The best I know to do, is to use the View surrounding documents button in Logstash, and limit surrounding documents to the same logsource host.

What I'm seeing consistently is that the Kubernetes pods are encountering this within the first minute of booting up. This makes logical sense since the data is stored indefinitely in php-apcu once it is succesfully loaded and allowed to be used in a stale way as long as needed. The EtcdConfig class treats cache data as fresh for 10s and after that it lets the first request get a lock to renew the data, and uses the cached data until new data is available, waiting either for that request to succeed or to let another request try it after it times out after 2s.

For example:

timestampNov 1, 2023 @ 20:17:18.458
hostmw-api-ext.codfw.main-78dc85dd44-f5zvw
typemediawiki
caught_byphp-wmerrors
messageUncaught MediaWiki\Config\ConfigException: Failed to load configuration from etcd: lost lock in /srv/mediawiki/php-1.42.0-wmf.2/includes/config/EtcdConfig.php:231

The "View surrounding documents" button, and then pressing the positive filter for the host name, yields a warning saying that only 7 earlier documents exist in the Logstash index.
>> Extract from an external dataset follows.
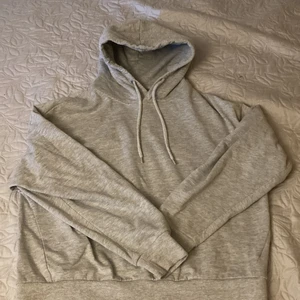 Grå hoddie  - En grå hoddie från lager 157. Använd ett fåtal gånger för ett rätt så långt tag sen. ❤️🥰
This is without any type or channel filter, meaning it would include any messages from syslog/php-fpm, but there is nothing earlier.

Querying the same from the Discover page, shows the same, there exist only 7 earlier messages:

Screenshot 2023-11-02 at 22.39.29.png (679×996 px, 78 KB) Screenshot 2023-11-02 at 22.39.40.png (1×2 px, 625 KB)

The 1 selected message and 7 earlier messages are all the same uncaught exception. So where's what I think is happening:

TimeEvent
?K8s pod boots up.
?MW request 1 starts, tries cache (empty), acquires lock (expires after 9s if not released), starts Etcd fetch (HTTP connect timeout: 2s, HTTP req timeout: 2s). The etcd fetch takes over 2 seconds to complete, but does eventually succeed.
?MW request 2 starts, tries cache (empty), loses lock, enters a poll loop for upto 2 seconds with brief sleeps in between.
Nov 1, 2023 @ 20:17:16.139MW request 2 fails with HTTP 500, after 2 seconds of waiting, got Uncaught MediaWiki\Config\ConfigException: Failed to load configuration from etcd: lost lock.
Nov 1, 2023 @ 20:17:16.426MW request 3 fails, idem.
Nov 1, 2023 @ 20:17:16.448MW request 4 fails, idem.
Nov 1, 2023 @ 20:17:17.181MW request 5 fails, idem.
Nov 1, 2023 @ 20:17:17.704MW request 6 fails, idem.
Nov 1, 2023 @ 20:17:18.050MW request 7 fails, idem.
Nov 1, 2023 @ 20:17:18.338MW request 8 fails, idem.
Nov 1, 2023 @ 20:17:18.458MW request 9 fails, idem.
Nov 1, 2023 @ 20:17:18.859MW request 10, second successful request. It either saw cache data on the first try if it started after MW req 1 ended, or maybe it also entered a poll loop for a short time and then saw the cache data appear.

MW request 2-9 represent the 8 uncaught exceptions in the logs.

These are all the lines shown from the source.